2021年4月にホンダの九代目社長に就任した三部敏弘氏が、定例の社長会見「2023ビジネスアップデート」を実施した。そこで発表されたのが再定義されたブランドスローガンで、今後のホンダの企業姿勢を明文化した。
ホンダは「夢の力で、あなたを動かす」会社に
「The Power of Dreams」は、ホンダの映像や印刷物で目にするライダーにもお馴染みのグローバルブランドスローガンだ。就任3年目を迎えるホンダの三部社長は、「私たちの目指す姿や実現したいこと、提供価値を今一度明確化し、社内外に宣言していく」ためにこれを再定義した。
ホンダの「The Power of Dreams」は、21世紀前夜の2000年12月末に発表されたもので「人々と共に夢を求め、夢を実現していく」決意表明として制定された。三部社長は電動化やデジタル化が求められる変革の時代でも、これがブレることがないように新たに副文を加えたのだ。
それが、How we move youというサブスローガン。The Power of Dreamsとセットになっており、ホンダの和訳では「夢の力で、あなたを動かす」というメッセージになる。従来の「夢の力」は、ホンダ社員の内発的な動機を意味していたが、これに「あなた」という顧客を加えたのが新しい。
大きな変革の時代でも、顧客を「Transcend:時間と空間の制約から解放」し、「Augment:ひとのあらゆる可能性を拡張」する価値あるモビリティを「Create:生み出す」ことで、あなたを動かすことを意味している。その原動力が夢の力となるのだ。

これが新しいグローバルブランドスローガン。左は2001年以来のものを受け継ぎ、右に対象と目的を記している。2023年9月に創立75周年を迎えるホンダの新たな道しるべとなる。

2000年以前に使われていたスローガン的なものは、『人と、地球に「夢・発見・ドラマ」を。』というものだった。バイクでは「Come ride with us.」など、統一されていなかった。
ホンダらしさを突き詰めた三部社長の考え
2021年の社長交代発表会見で、三部氏はホンダらしさを問われ「社会課題や強い相手に向き合う姿勢のこと」と力強く答えた。
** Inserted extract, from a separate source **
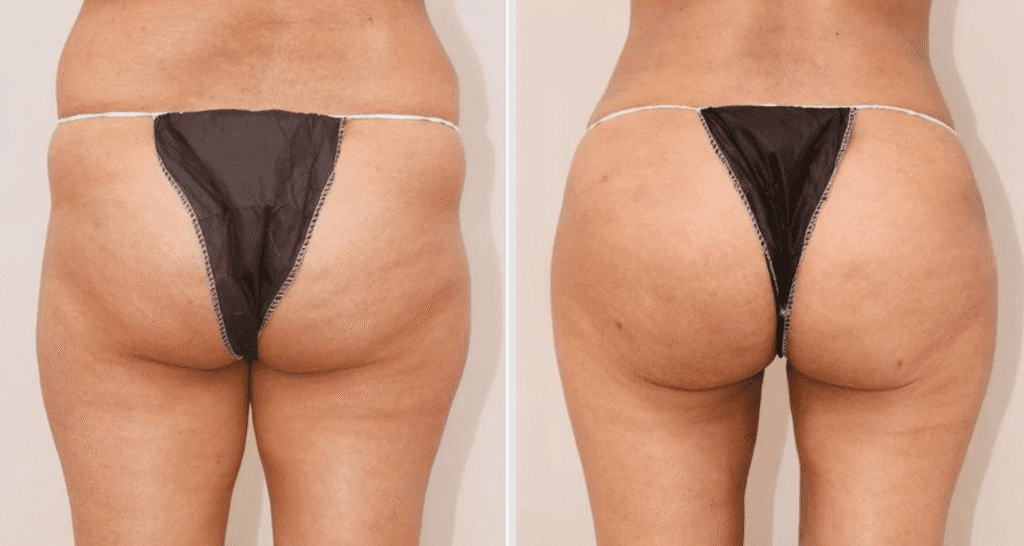 Vorher/Nachher Ergebnis: Eigenfett Bodyforming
4月に社長に就任した際には記者会見で「ホンダらしさとは、本質を考え抜いた末にたどり着く価値、そして独創性だと考えます」とより定義を明確化していた。
それから2年を経て、今回はグローバルブランドスローガンとして制定するに至っている。三部氏以前に生産規模の拡大や海外拠点の整理縮小に追われた経営陣は、これらの本質的なメッセージの発信を行ってこなかったこともあり、余計に「ホンダらしさ」が薄れていたのは事実だろう。
三部氏は、電動化やデジタル化は単なる“手段”であるとし、その先にある「ホンダが目指す姿や実現したいこと」で、「あなた」つまり私たちを動かそうしている。その動機には1949年のD型、ドリーム号の時と変わらない情熱が感じられるが、読者のみなさんはどうだろうか?

ドリームD型(1949年) [HONDA] 試作1号機を見た社員たちが「夢のようだ」と発したことでドリーム号と命名されたホンダ初のモーターサイクル。まさに夢の力であなたを動かした原点だ。
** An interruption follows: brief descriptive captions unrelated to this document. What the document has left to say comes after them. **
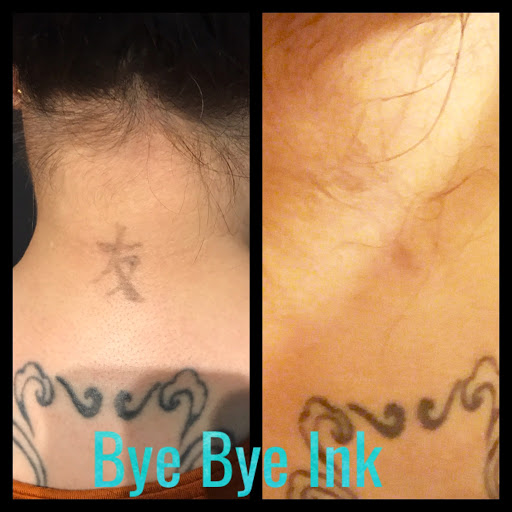 Explore cherry tattoo ideas, creative tattoo ideas in Middle Village, available at Bye Bye Ink Laser Tattoo Removal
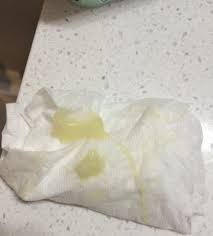 Tmi I Think I Lost My Mucus Plug Babycenter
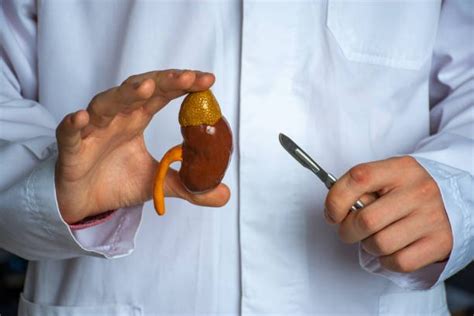 Image result for Simple Nephrectomy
ドリーム50(1997年) [HONDA] 1960年代の世界GP制覇やF1初勝利などホンダは次々と夢を叶えて、1970年代までは多くの製品名にドリームが冠された。これはそんな時代を懐古する最後のドリーム号。
グローバルブランドスローガン(2023年4月)
『夢』
Hondaはいつも、夢を力に走っている
Hondaの夢見るモビリティ
それは、時間と空間の制約からの解放
それは、ひとのあらゆる可能性の拡張
実現の鍵は、想像力だ
『夢』
あなたの夢の原動力はなんだ?
Hondaの夢見るモビリティ
それは、ひとの新たな夢をつなぐパワー
だから、私たちは未知を恐れず挑戦する
意思をもって動き出す
必ず夢は実現する
The Power of Dreams(夢の力で)
How we move you(あなたを動かす)
グローバルブランドスローガン(2001年1月)
The Power of Dreams
Hondaが信じるもの、それは夢。
夢は人々に、まだ見ぬ喜びを届けてくれます。
Hondaが創りだすもの、それは新しい価値。
夢をかなえるために、
今日も一人ひとりが、チャレンジを続けています。
そして、夢を手にした人々の笑顔が、
私たちに次のチャレンジに向かう情熱と勇気を届けてくれる。
The Power of Dreams
Hondaは夢がくれる力を通して、
お客様、そして社会と喜びを分かち合っていきます。